'Class-ridden' sector slated

April 7, 2000

Admissions tutors who consider themselves guardians of the quality of higher education are blocking access to university for people from under-represented groups, a conference will hear next week.

Maggie Woodrow, head of the European Access Network at the University of Westminster, will tell delegates at the annual admissions officers conference, held by the Universities and Colleges Admissions Service, to change their attitudes.

"The question is: how can we change the system in which selectivity and privilege have become concealed in labels of quality?" Ms Woodrow asked.

"I am not suggesting that anyone is against widening participation but that some staff see themselves as the guardians of the quality of British higher education. Widening participation should be seen as part of that excellence," she added.
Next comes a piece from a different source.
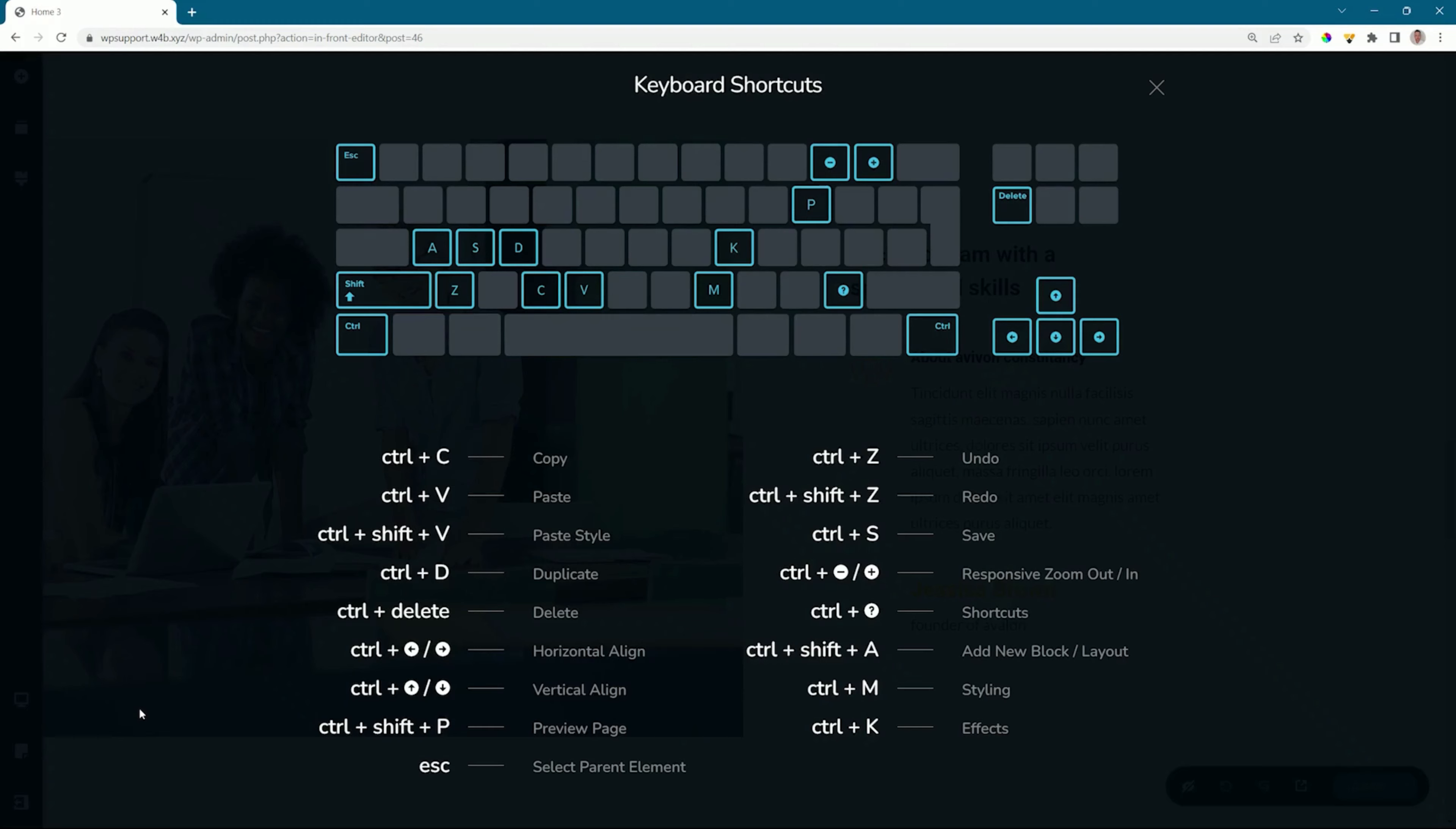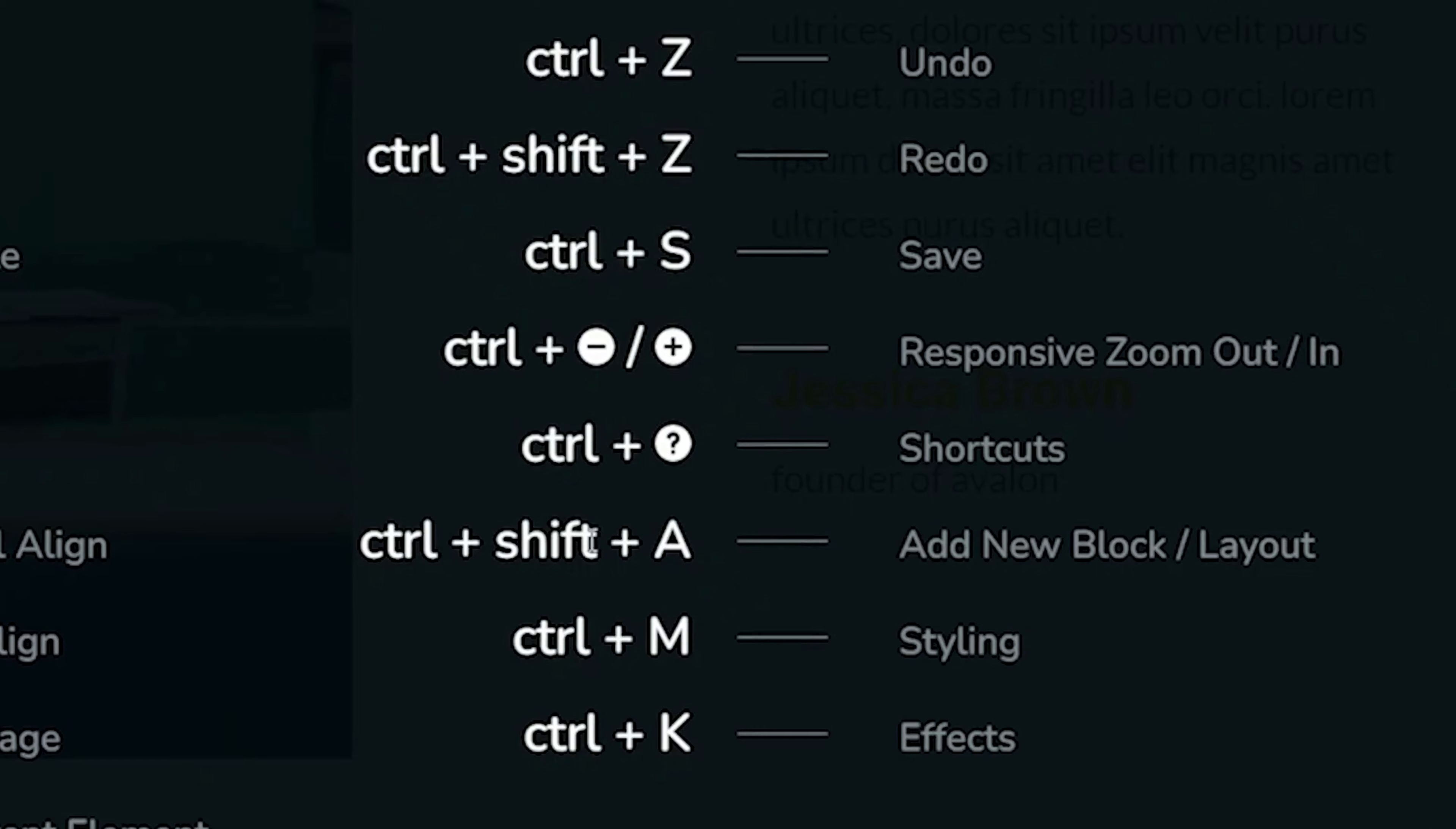Control, of course, for Windows and Command for Mac. A good shortcut key to remember is actually how to open this panel, and that is done with Control and then question mark, which will open this panel and give you a quick overview of what is there and what you can use.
"We must expect that changes in admissions policies will be resisted. We are talking about access to affluence and access to enhanced status in life... We have a class-ridden higher education system and we need to recognise that."

Ms Woodrow said that admissions staff take one of three approaches towards students from under-represented groups. Some ask them to meet the same standards as more privileged candidates. Others admit a limited number of students by bending rather than changing their admissions policy.

"The third group do not apply equal criteria or make special cases. They change the rules so that equality of opportunity becomes systemic to admissions policy," Ms Woodrow said.

Many institutions believe they have fair admissions strategies but few monitor the outcomes of their strategies, that is the numbers of students from under-represented groups who are offered and accept a place. "Strategies must be followed up to see how successful they have been," Ms Woodrow said.

"There needs to be a change of attitude. It needs an institution-wide approach and it has got to come from the top. The best way of changing attitudes is for staff to understand and engage in their local communities, further education colleges and schools," she added.

The Committee of Vice-Chancellors and Principals has commissioned Ms Woodrow to update her 1998 report, From elitism to inclusion. The work will be published next year.